If the opposition learns about any part of the PCs support network, from their fence to their armourer to their tailor, you can bet the opposition is going to try for a snatch and grab and then some questioning. Will the NPC they’ve got crack? How long will they hold out? And what do they know?

The addition of even small amounts of information from NPCs that support the PCs can help the opposition get a better idea of what the PCs plan, or at least to where they might be destined.

And then there is the big resource, HUMINT–human intelligence. Are the PCs under surveillance? What about the team on the rooftop across from the apartment that are using hyper-sophisticated eavesdropping gear to listen in on the planning session? The neighbours might be worried that the PCs are terrorists and have called the FBI with a complaint . . . a complaint that the opposition has snatched from the FBI’s poorly guarded network.
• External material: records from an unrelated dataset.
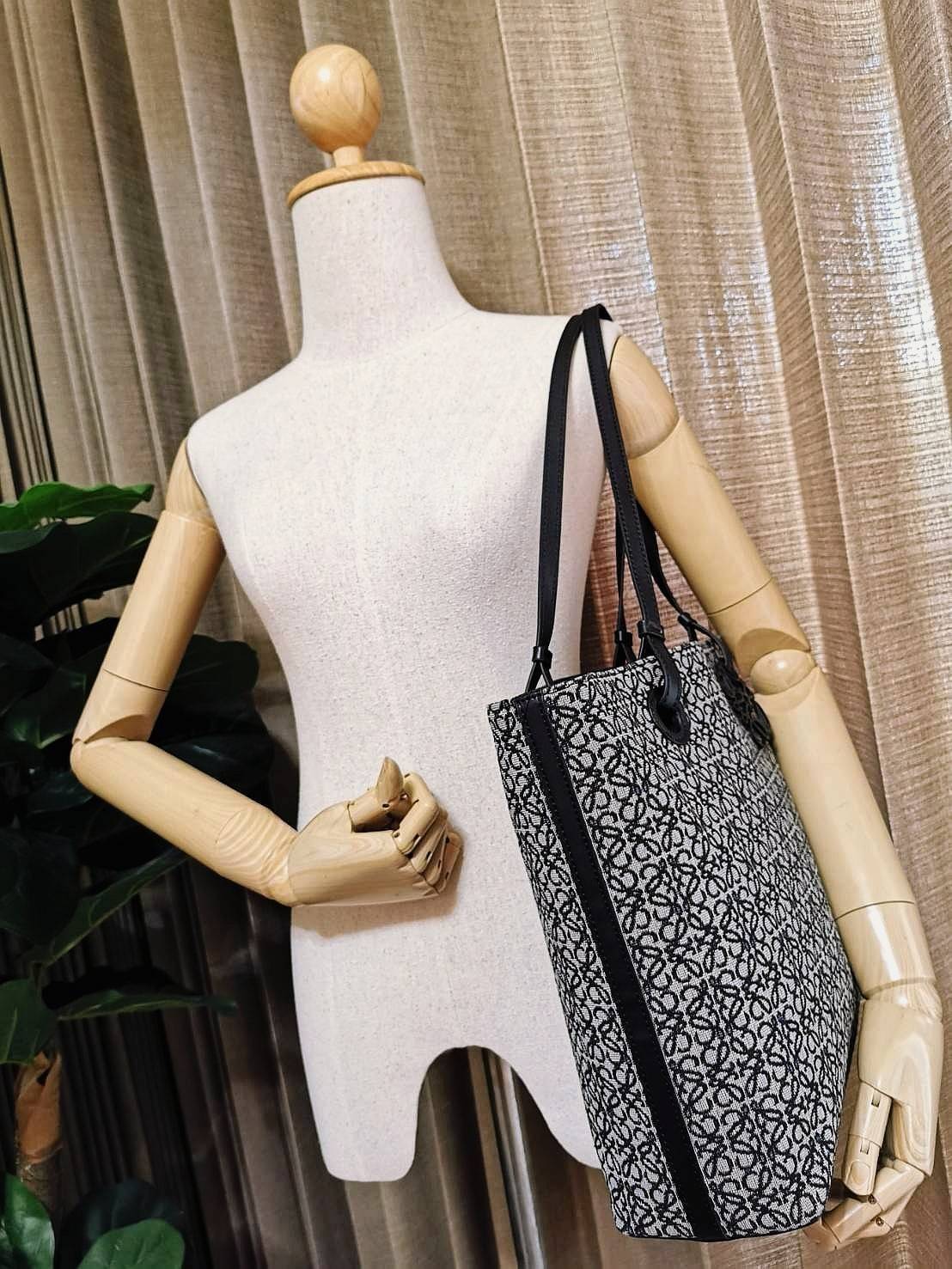 LOEWE ANAGRAM TOTE BAG VIP GIFT WITH PURCHASE GWP พรีเมี่ยมกิ๊ฟ Limited จาก LOEWE PERFUME DUTYFREE ไอเท็มใหม่! ดีไซน์สวยคงเอกลักษณ์ด้วยวัสดุ Anagram Canvas Jacquard Fabric ผสมผสานหนังแท้ Calfskin ลงตัวสุดคลาสสิค ขนาดกำลังดี น้ำหนักเบา ใส่เอกสาร A4 Noteboo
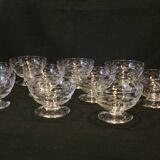 10 anciennes coupes à champagne en cristal gravé ciselé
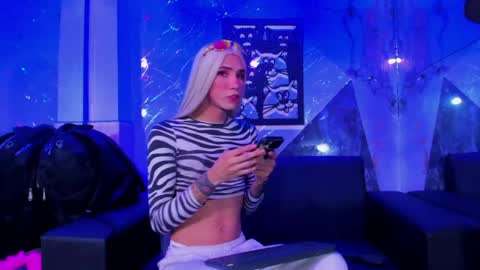 king_hot26 online show from May 2026 11:54:02 PM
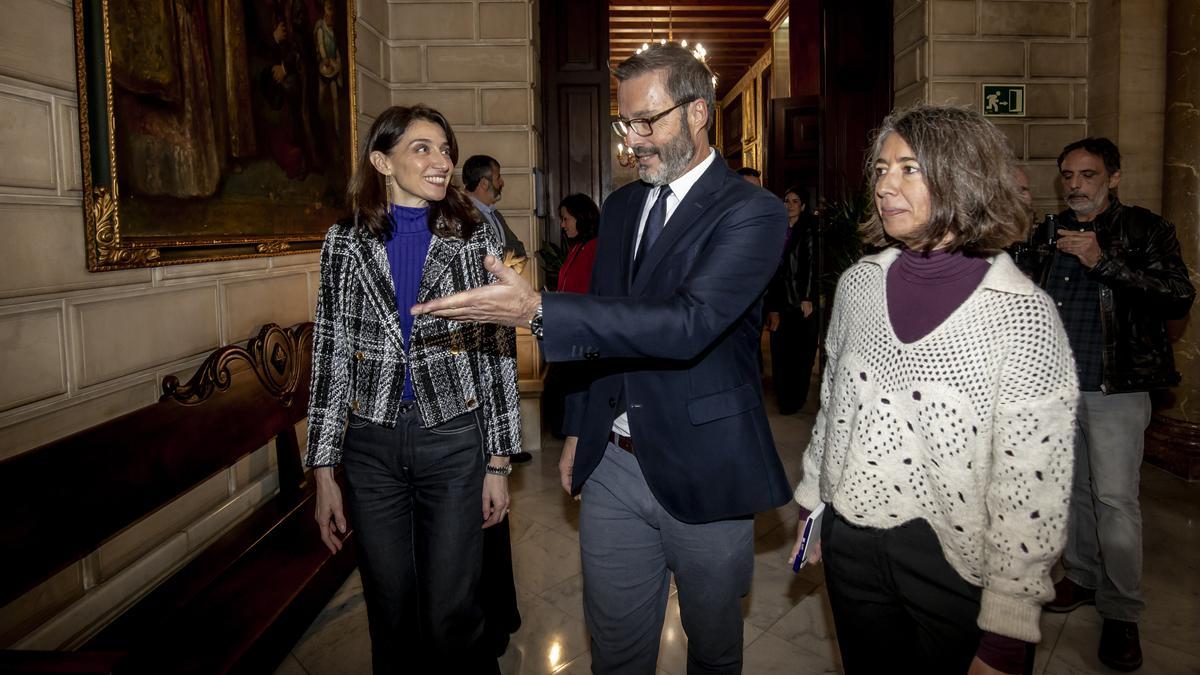 La ministra Pilar Llop con el alcalde José Hila y la regidora Neus Truyol a su llegada al ayuntamiento de Palma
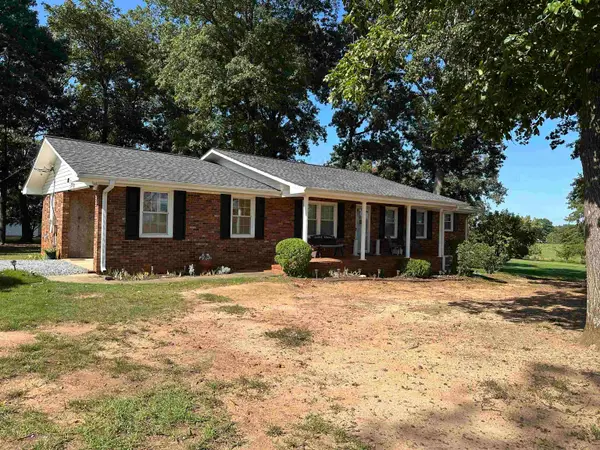 110 Triple C Drive, Inman, SC 29349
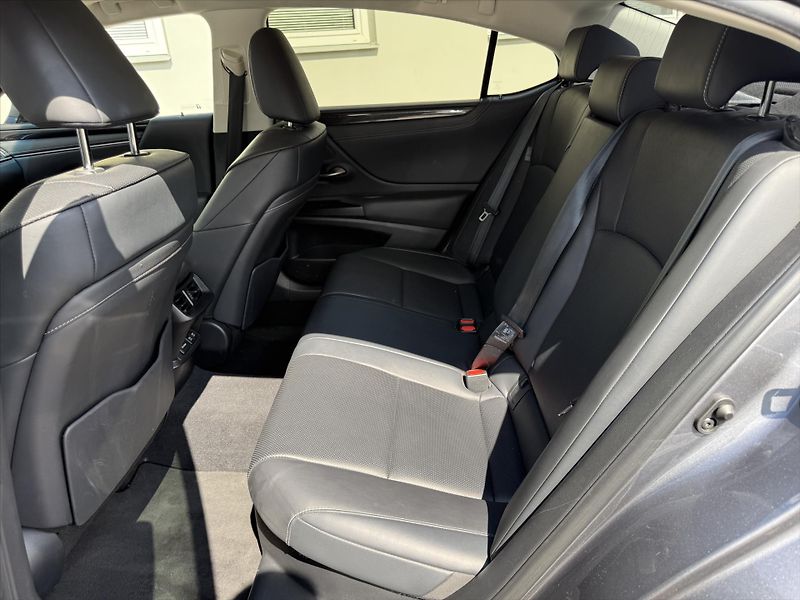 Lexus ES 300h 2,5 BUSINESS EDITION  ES - fotka 11 z 21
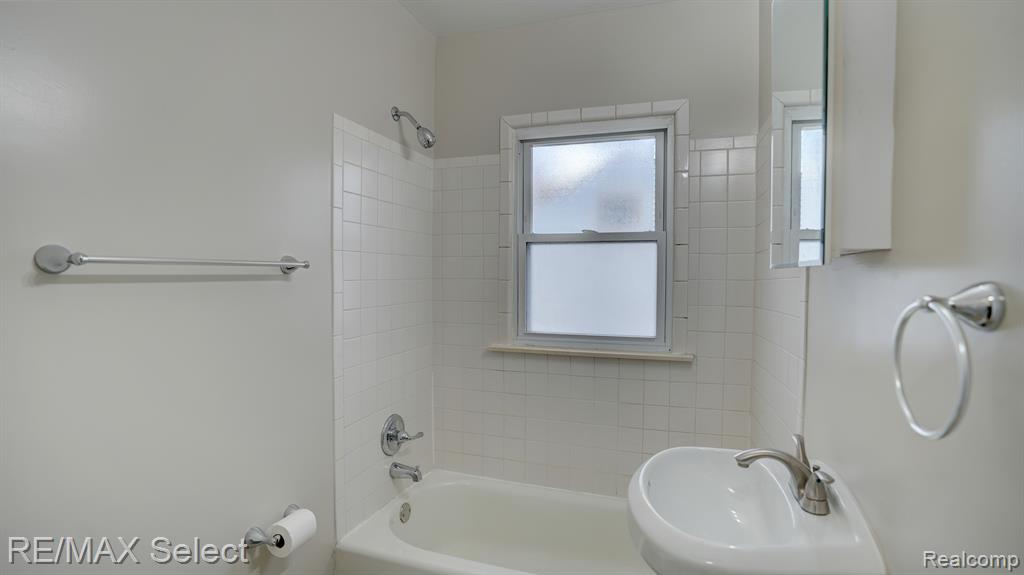 837 Crawford Street, Flint, MI 48507 — Photo 24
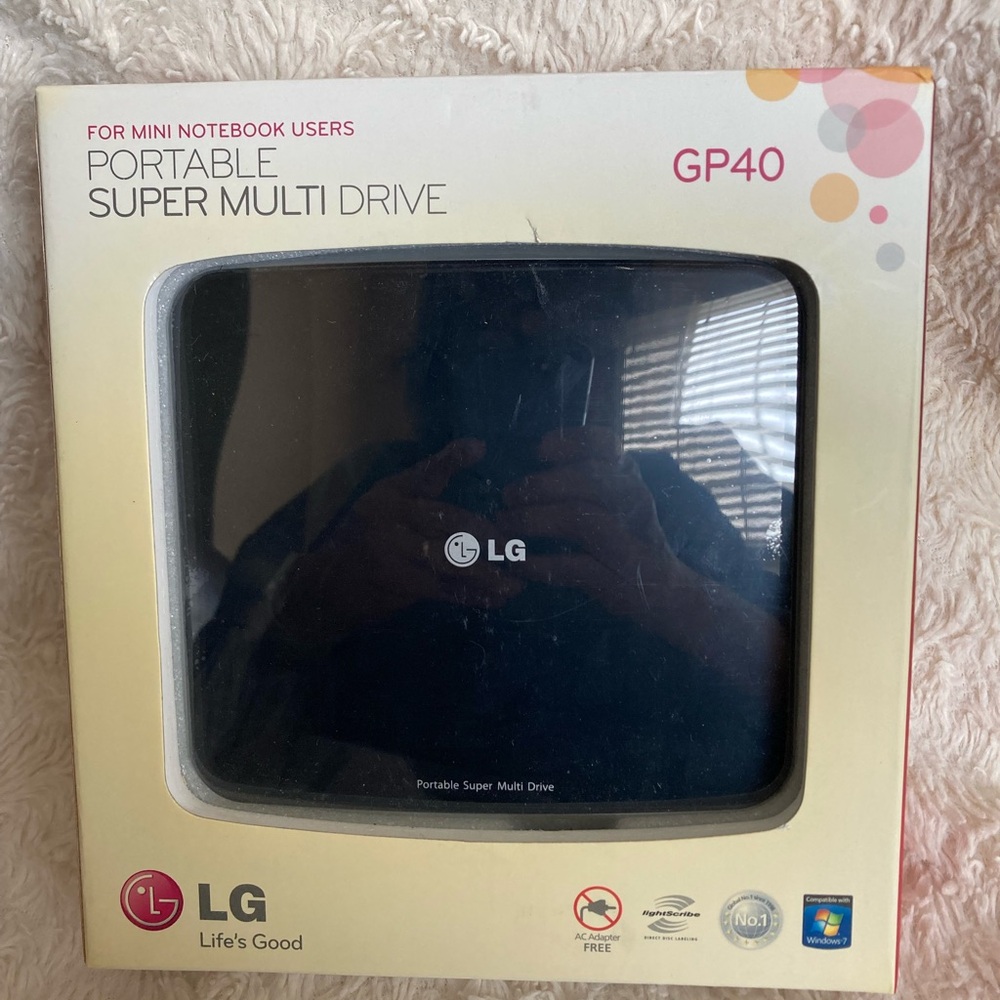 NWT LG Portable Super Multi Drive GP40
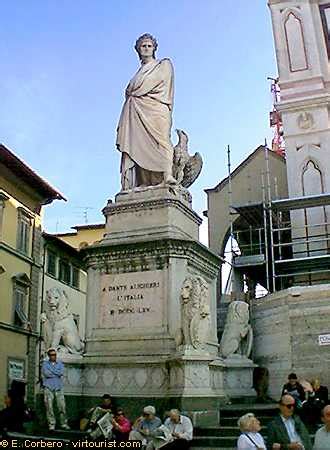 Florence, Piazza Santa Croce. VIRTOURIST.COM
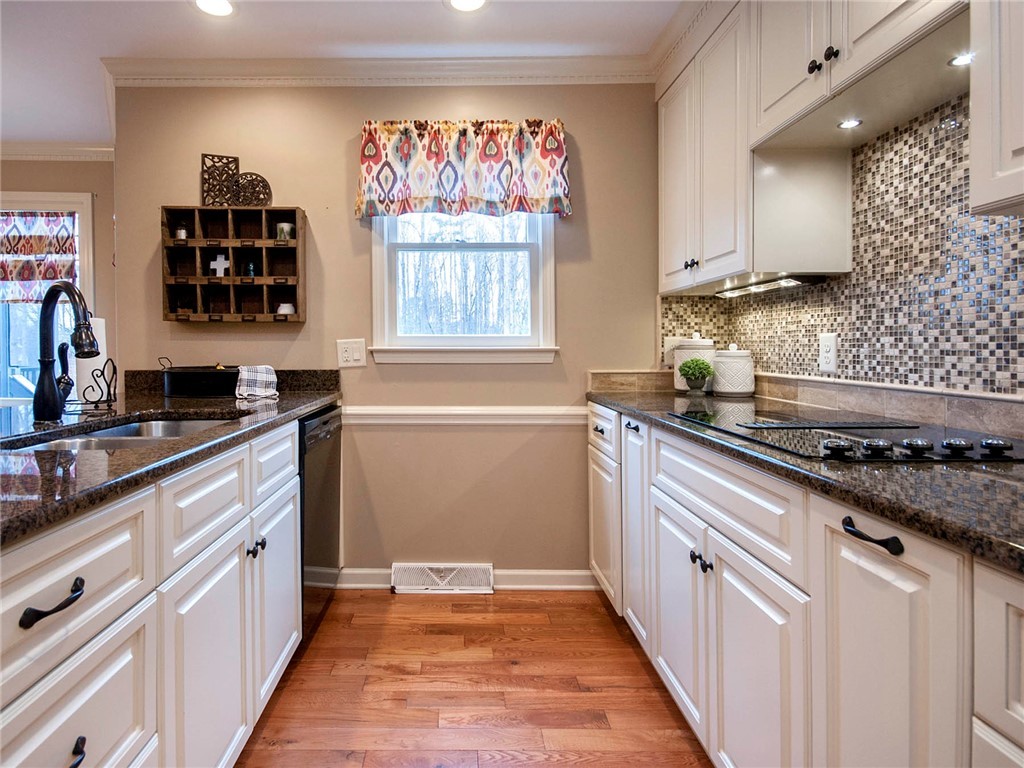 809 Huntington Road Easley, SC 29642 - Photo 19 of 37 Gallery Image 19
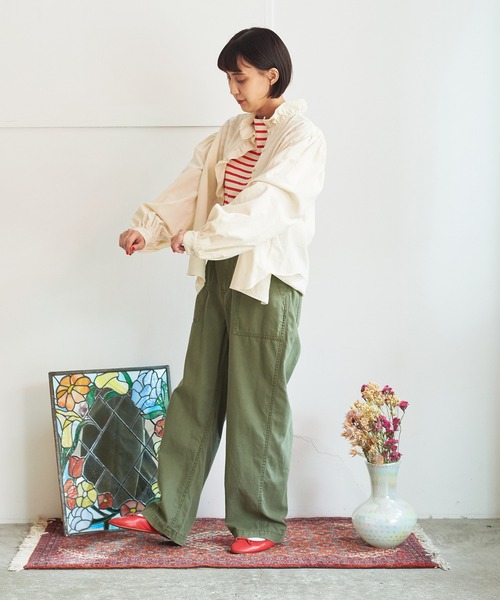 CHILD WOMAN（チャイルドウーマン）の「シャツコール フリル衿シャツ（シャツ/ブラウス・レディース・サックスブルー/アイボリー/ダークブラウン・FREE）」の9枚目の写真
And then there are the moles. Oh yes, there could be moles. Again, as I mentioned in “The Flick Got Switched,” betrayal from within the group can be tricky. If it’s not handled right, it can bring worse outcomes than suspected GM fiat. But consider this: if one of your players bows out and you’ve got a loose PC that has suddenly become an NPC, do you have a purpose-built mole right there? Depending on the game and its background, perhaps. In a game similar in tenor to Dark Horizons, it might work perfectly.